Hard work of keeping new subscribers starts after sale

By Scott Stines


Hiawatha, Iowa, USA


Nothing is more fulfilling than acquiring a new subscriber.

There is a sense of accomplishment — perhaps even a moment of celebration — given the effort expended to identify the best prospect, craft a benefit-laden sales message, persuade a prospect to part with their hard earned money and accept your product into their home, onto their tablet or phone. 

Yet, the really hard work begins only after the subscription order is taken. 

Media companies need to continue fostering relationships long after the sale is made.
Media companies need to continue fostering relationships long after the sale is made.

Forget about “post-purchase dissonance” for the moment. If the customer did not pay at the time of his or her order, the sale is not complete until a correct bill is delivered and a corresponding payment is received. 

Even if the customer provides a credit card at time of purchase, the transaction must be processed successfully before the sale is complete.

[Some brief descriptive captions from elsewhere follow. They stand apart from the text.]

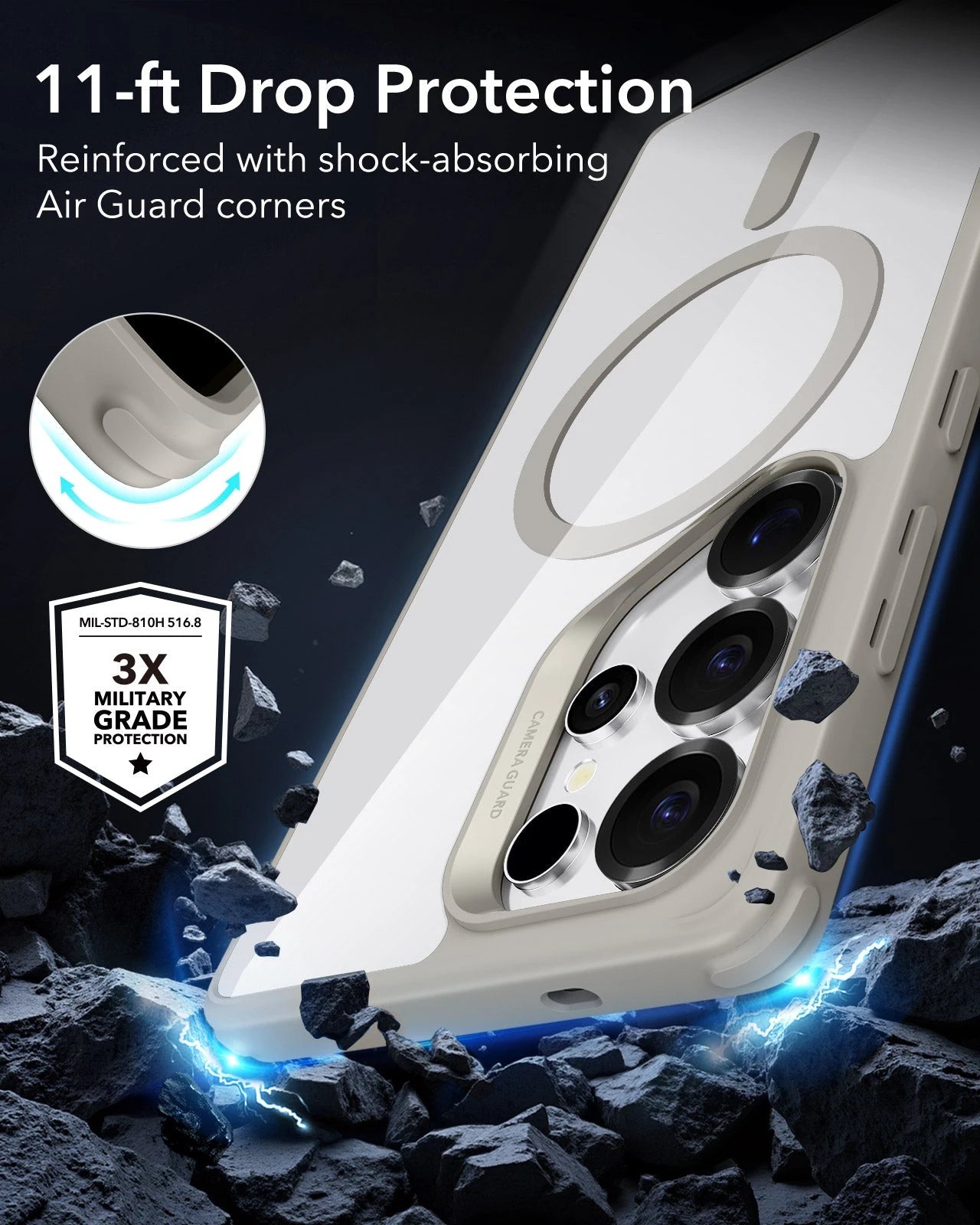 Galaxy S25 Ultra HaloLock Classic Hybrid Case - Clear Grey ESR ESR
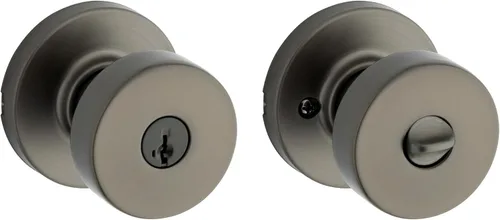Miniatura 19 de Kwikset Pismo - Pomo de puerta redondo simulado, manija de un solo lado para armarios, puertas dobles francesas y despensa, pomo de puerta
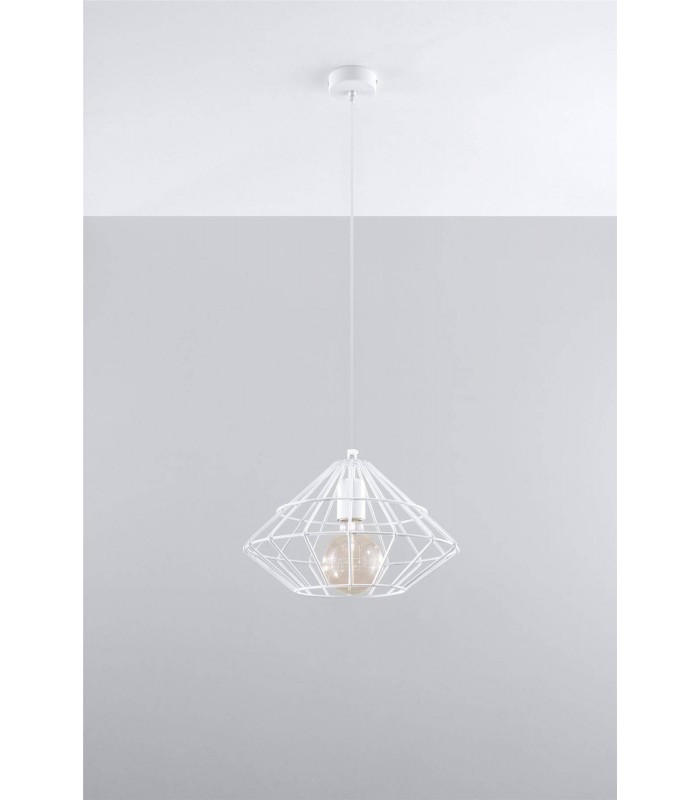 1 Light Caged Ceiling Pendant White, E27 - 3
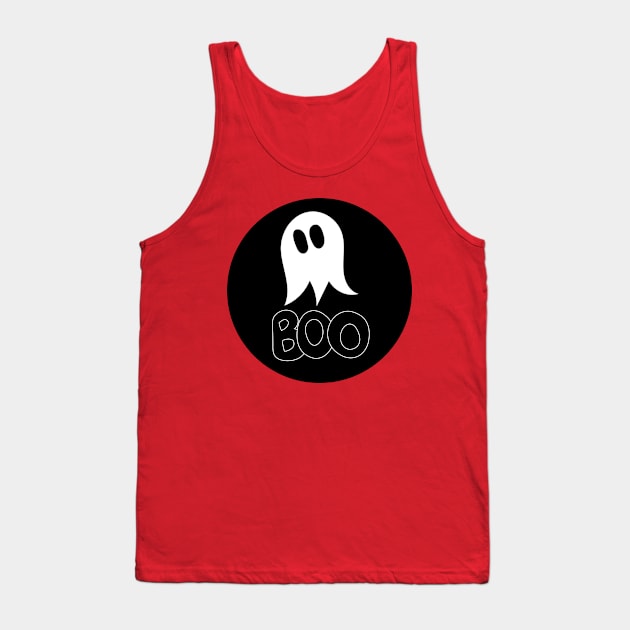 Cute ghost cartoon BOO text circle frame black Tank Top by Angel Dawn Design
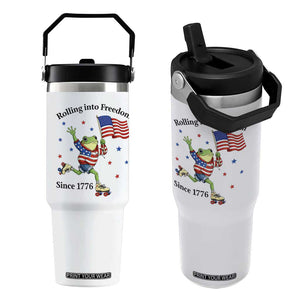 Funny Patriotic Frog Flip Straw Tumbler Rolling Into Freedom Since 1776 TS12 One Size: 30 oz White Print Your Wear
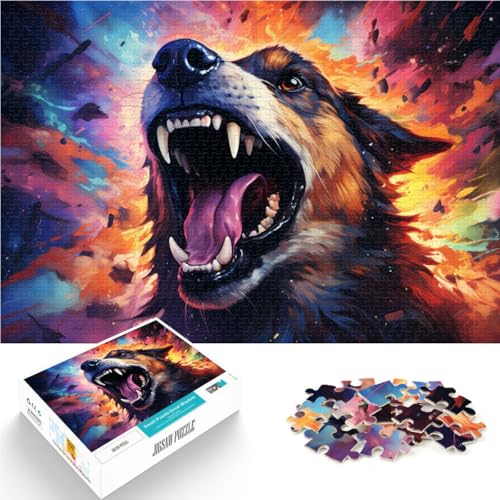 Puzzle 1000 Teile für Erwachsene, farbenfroher Tierhund, lustige Spiele, Wanddekoration, einzigartige Geburtstags, 38x52cm Puzzle 1000 Teile für Erwachsene, farbenfroher Tierhund, lustige Spiele, Wanddekoration, einzigartige Geburtstags, 38x52cm von SYUNFEI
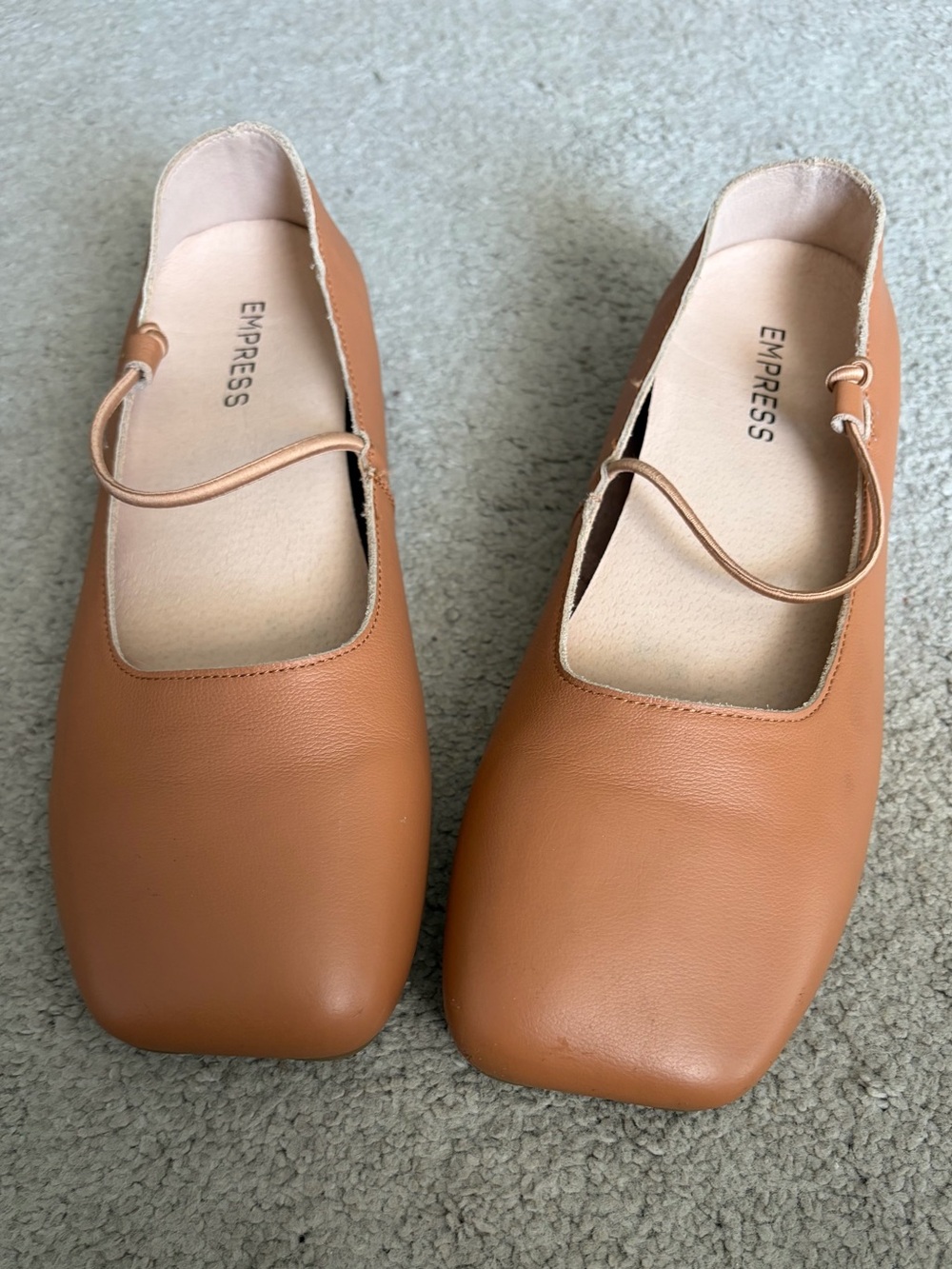 Empress Square Toe Flat in Caramel, Women's Size 40, 9 US, Like New, Mary Jane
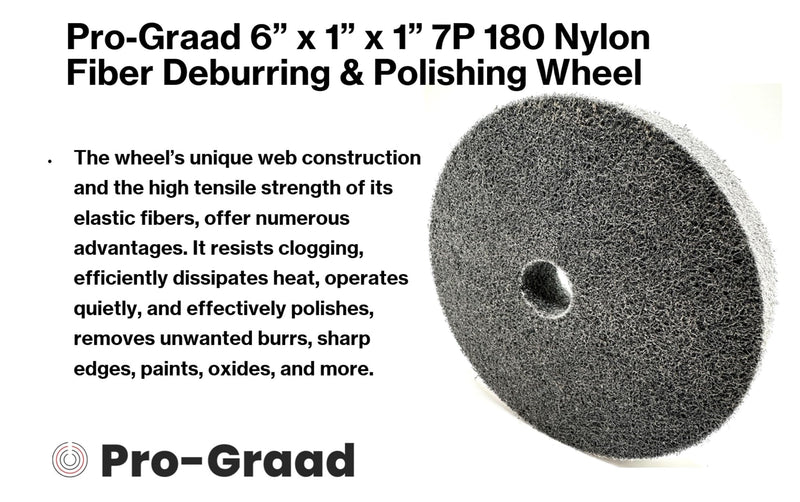 [Australia - AusPower] - Nylon Fiber Deburring Wheel 6" x 1" x 1" 7P Hardness 180 Grit Silicon Carbide Brushed Polishing Buffing Unitized Wheel for Bench Grinder, Buffing Machine, with Adapter for 1/2 5/8 3/4 Arbor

And even with cash in hand, there is important work to be done to maximise the potential value of the new subscriber.

With little or no control over the product itself, news media marketers face the challenge of making sure new subscribers realize the full benefits of their subscription and understand their business is appreciated. 

Assuming is never good. And assuming new subscribers understand all their subscription has to offer is a recipe for poor retention and declining revenue. 

The key to success is managing customer expectations. This starts with timely and relevant communication the moment the subscription order is placed. 

At the very least, it includes welcoming new subscribers, thanking them for their business, and letting them know when they can expect delivery or access to their subscription.

It also includes proactive follow-up with new subscribers to ensure they are receiving delivery as scheduled and/or can access their digital subscription. Waiting for a new subscriber to report their dissatisfaction is the same as waiting to fail.

The new subscriber’s experience over the first two weeks of their subscription determines their level of satisfaction and, in turn, impacts their potential value to the news publisher.

Ordering a subscription without knowing when delivery starts is never good. Failing to receive delivery on the promised start date is even worse. Believing that the less you communicate is better or that no news from a new subscriber is good news is denial. 

Proactive communications — with the goal of not only managing but exceeding a new subscriber’s expectations — is what leads to long-term profitable subscriber-publisher relationships.

Helping new customers understand what their subscription has to offer, reinforcing the tangible benefits of their subscription, and ongoing follow-up with them to confirm their understanding and satisfaction is the difference between a one-time sale and a profitable, long-term relationship.

There is an old saying, “Nothing happens until someone sells something.” In the subscription-based news-media industry, the hard work begins after the sale is made.